Generally, there is a justified reason why a stock is yielding over 8-9%. The market is having to price a higher level of financial risk. Often, such a high yield is an indication that the current dividend is at risk. As a result, investors need to be cautious.
However, if you are looking for big dividends at lower risk, here are four Canadian stocks to consider today.
A top energy stock
Tourmaline Oil (TSX:TOU) stock may not be obvious for dividends. At $70.50 today, it only trades with a 1.4% base dividend. Not too impressive, right?
Yet that masks the fact that Tourmaline has paid $7 per share in special dividends in 2022. Combine that with its base dividend, and you get a 12% dividend yield for 2022!
Certainly, special dividends are not guaranteed. However, given Tourmaline’s debt-free balance sheet and strong free cash flow growth, they are likely in 2023.
This is one of the best managed and most profitable energy companies in Canada. If energy markets remain strong in 2023, it could certainly deliver some more big dividends to shareholders.
An energy infrastructure stock for dividends
At $45 per share, Pembina Pipeline (TSX:PPL) stock trades with a 5.83% yield. If you like energy stocks, but don’t want too much commodity exposure, this is the stock for you.
Pembina operates a network of pipelines, midstream/gas processing facilities, and export terminals. Around 85% of its revenues come from contracted assets. This provides a baseline of earnings that cover its dividend.
When energy prices are strong, it also earns a surplus from marketing processed energy products. That is why the company has had a near record year in 2022.
Even when oil collapsed in 2020, Pembina faithfully paid its dividend. If you want a well-covered dividend that is likely to grow in the coming years, this is a good stock to hold.
A top real estate stock
Dream Industrial Real Estate Investment Trust (TSX:DIR.UN) pays a handsome 5.86% dividend yield at $11.50 per unit. It also pays out its dividends monthly, which can be nice bonus for those that like regular passive income.
Dream operates one of Canada’s largest industrial property portfolios. Industrial real estate has been booming over the past few years. As a result, Dream has been delivering very strong, high single-digit cash flow per unit growth.
It just created a joint venture to manage a large Canadian industrial portfolio, so that should provide a nice boost to earnings in 2023. Given that its dividend is well covered by monthly cash flows, it is even possible that its dividend may increase in the future.
A Canadian telecom for dividend growth
Another stock for safe dividend income is TELUS (TSX:T). At $26.80 per share, it yields over 5.2% today. Given how crucial internet and cellular coverage are, TELUS operates a very defensive business.

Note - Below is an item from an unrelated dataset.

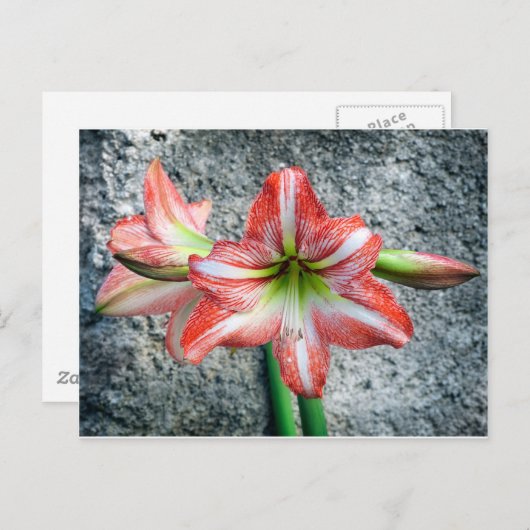 Carte Postale Amaryllis (Devant / Derrière)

It is nearing the end of a big capital-spending cycle. After, it expects to generate a lot of spare cash, which it plans to distribute back to shareholders in the form of some nice 7-10% dividend hikes.
TELUS is interesting because it is also building out several large digital businesses in IT/customer experience, healthcare, and agriculture. These businesses are growing at attractive rates and could be substantial contributors to earnings in the coming years. For a combination of safety, income, and even growth, TELUS is a great dividend stock to buy for the long term.